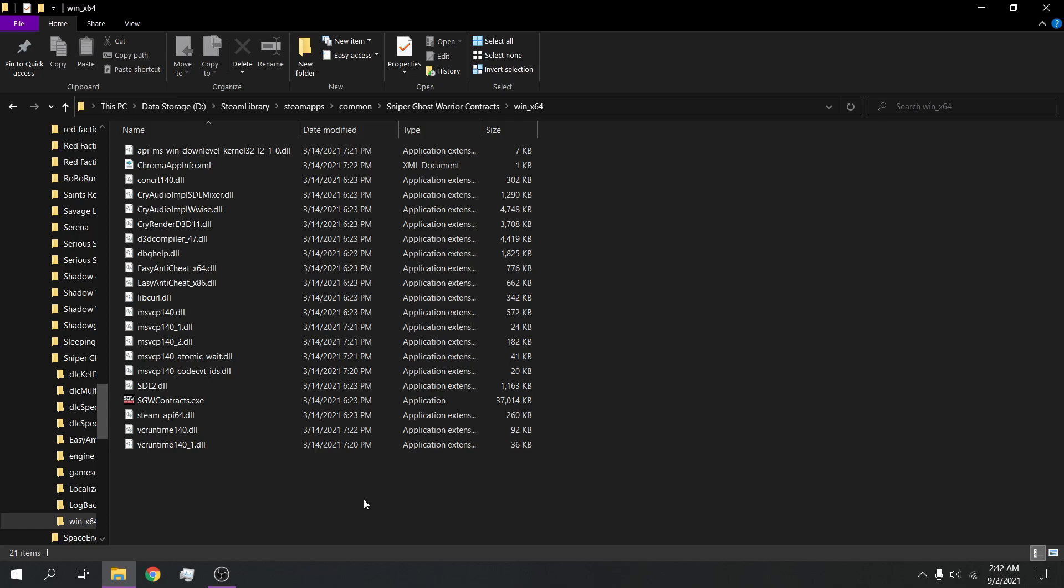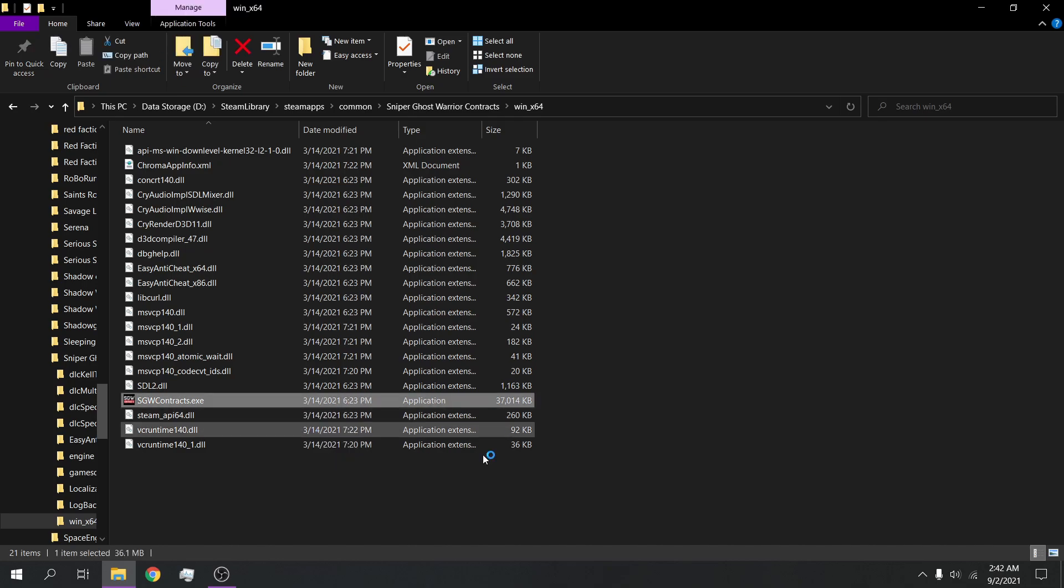So I found a workaround. Well, I restarted my computer a bit ago so it might not work now, but I found a workaround for running the game without Easy Anti-Cheat. You just go to the winx64 folder, double click Sniper Ghost Warrior Contracts.exe and wait for it to load up. So yeah, that explains why my game was running like shit.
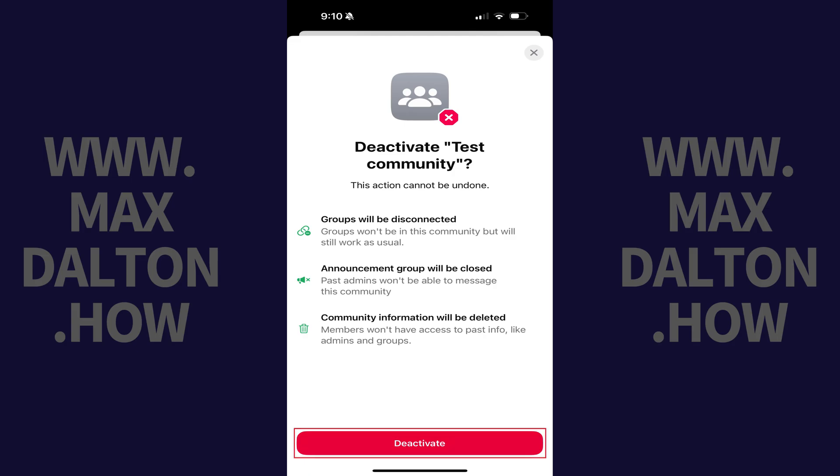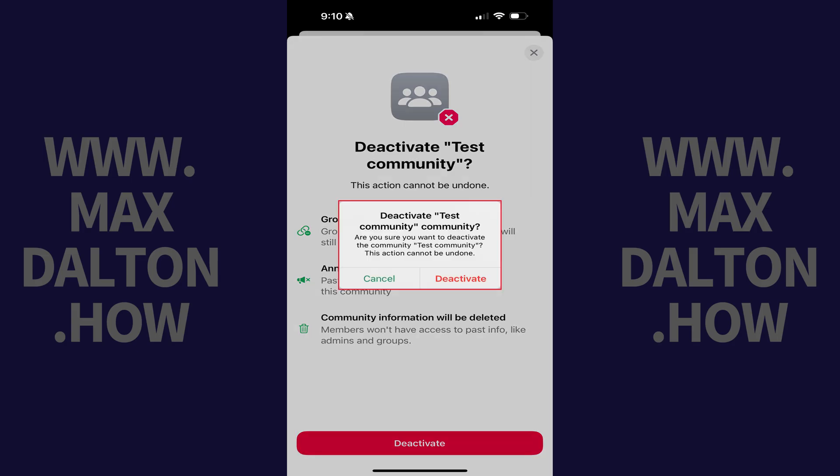Step 6. Tap Deactivate. A final warning pops up asking if you're sure you want to deactivate this community.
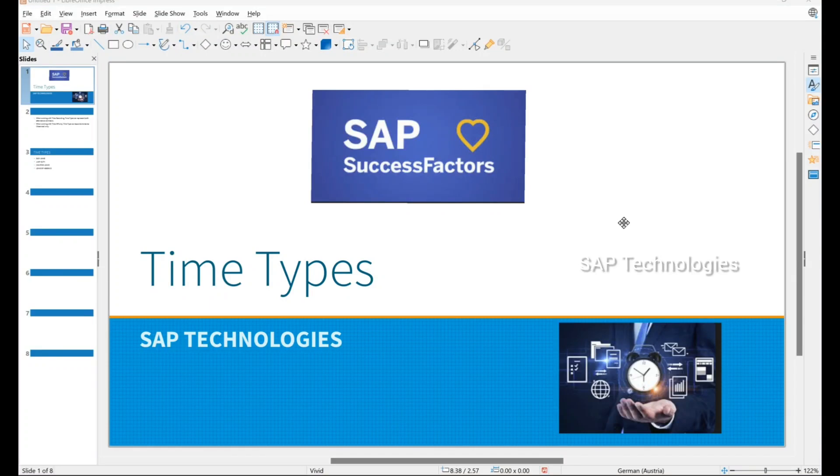Hello friends, today we will see how to create time types in time management in SuccessFactors.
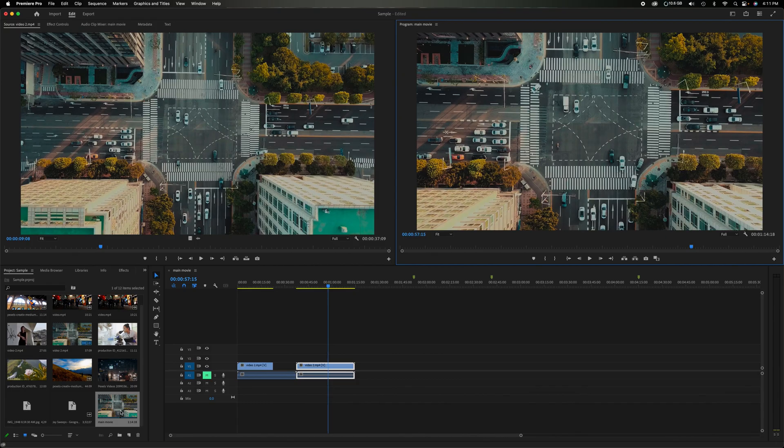That's a basic overview of the timeline panel and all the fundamental features you need to get started with your editing journey in Premiere Pro. Thanks for watching, and we'll catch you next time.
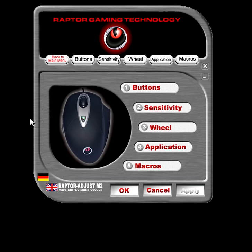What's up guys, Ben here and today we're just going to take a quick look at the software that you can download for the Corsair Raptor Gaming LM2 mouse.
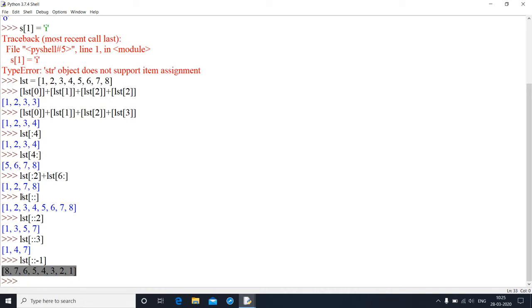The original list is 1, 2, 3, 4, 5, 6, 7, and 8. If I write lst[::-1] I am going to get the reversed value of this list.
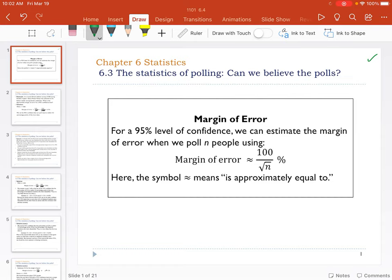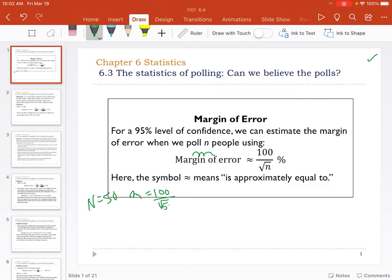Let's look at some examples. What if N is only 50 — say you're on a budget? Then the margin of error M equals 100 over the square root of 50. The square root of 50 is just a little more than 7, and when you divide 100 by that, you get an unacceptable margin of error of 14.2%. That's on either side of the estimate — something like 50% plus or minus 14%. Nobody would buy that. So 50 is not even close to enough.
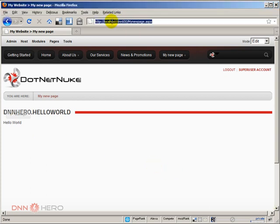I also have in my local system a DNN6 website in my localhost, in my local system.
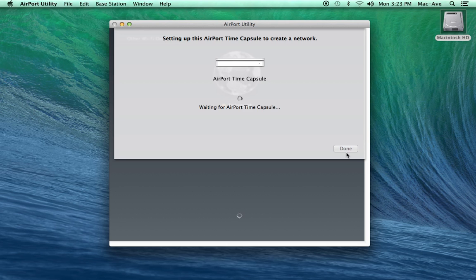When the setup is done, you can click the Done button. Setting up the Apple airport router may take a few moments, so please be patient.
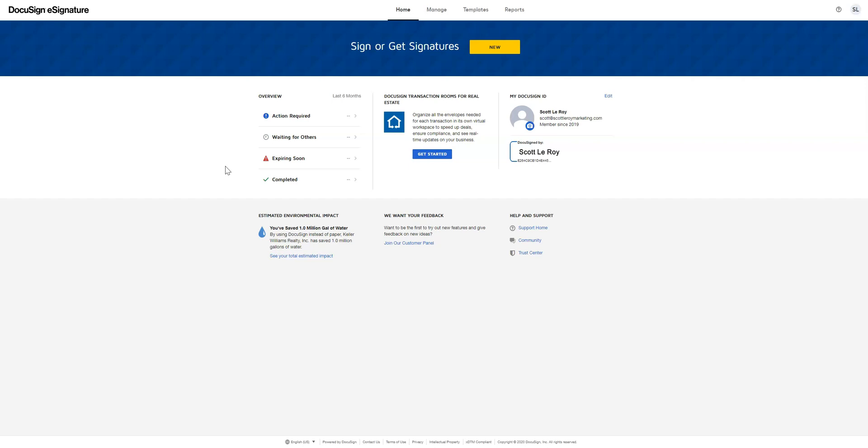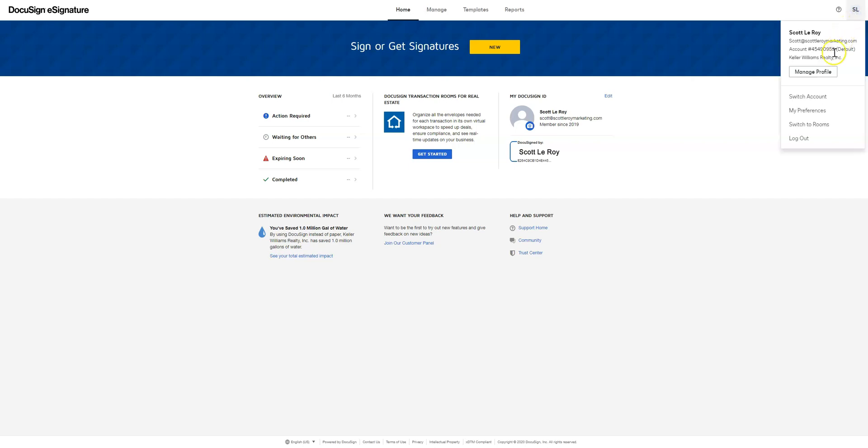First, go to DocuSign.com and log in. You should see this page upon logging in. From there, go to the top right where you'll see either your picture or your initials. Click on that and select manage profile.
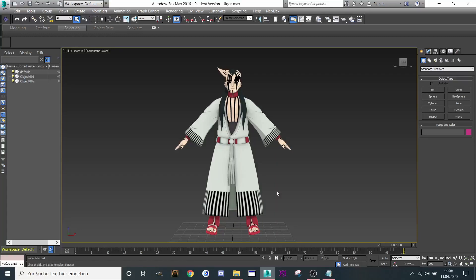Hello and welcome to my next tutorial. In this tutorial I want to show you how to convert a model from OBJ to MDX with Milkshape and optimize it with 3ds Max to save some file size.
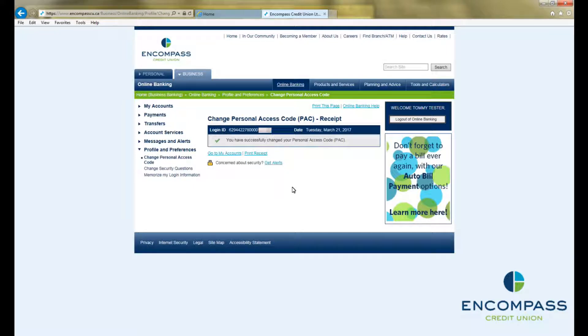This will bring up a Change Personal Access Code PAC receipt, confirming that you have successfully changed your personal access code.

- - -

*TASK DIRECTIONS:* Please give again the entries word for word, starting at the first line and ending with the line that contains "The original list"; include both of those lines but none of the pictures.

*FINISHED TASK:*
So I found a workaround. Well, I restarted my computer a bit ago so it might not work now, but I found a workaround for running the game without Easy Anti-Cheat. You just go to the winx64 folder, double click Sniper Ghost Warrior Contracts.exe and wait for it to load up. So yeah, that explains why my game was running like shit.
Step 6. Tap Deactivate. A final warning pops up asking if you're sure you want to deactivate this community.
Hello friends, today we will see how to create time types in time management in SuccessFactors.
That's a basic overview of the timeline panel and all the fundamental features you need to get started with your editing journey in Premiere Pro. Thanks for watching, and we'll catch you next time.
What's up guys, Ben here and today we're just going to take a quick look at the software that you can download for the Corsair Raptor Gaming LM2 mouse.
The original list is 1, 2, 3, 4, 5, 6, 7, and 8. If I write lst[::-1] I am going to get the reversed value of this list.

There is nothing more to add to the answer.